**Task to carry out**
For the entries that follow, restate word for word the line containing "Kapüşonlu Üst-Açık mavi/NASA - 3", the line containing "Citrine Body Oil", and every line that lies between them.

**Input data**
Segment Open

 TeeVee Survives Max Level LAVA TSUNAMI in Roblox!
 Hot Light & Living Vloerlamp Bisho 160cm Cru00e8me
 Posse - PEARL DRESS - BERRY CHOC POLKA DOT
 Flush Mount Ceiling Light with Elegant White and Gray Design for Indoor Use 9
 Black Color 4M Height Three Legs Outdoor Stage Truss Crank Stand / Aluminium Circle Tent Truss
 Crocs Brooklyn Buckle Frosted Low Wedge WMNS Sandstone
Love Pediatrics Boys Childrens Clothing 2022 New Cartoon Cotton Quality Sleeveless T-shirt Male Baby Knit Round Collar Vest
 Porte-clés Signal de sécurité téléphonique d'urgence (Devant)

Segment Closed
Segment Open

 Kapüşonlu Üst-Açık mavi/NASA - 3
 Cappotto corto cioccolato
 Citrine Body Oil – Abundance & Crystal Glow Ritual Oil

Segment Closed

**Your solution**
 Kapüşonlu Üst-Açık mavi/NASA - 3
 Cappotto corto cioccolato
 Citrine Body Oil – Abundance & Crystal Glow Ritual Oil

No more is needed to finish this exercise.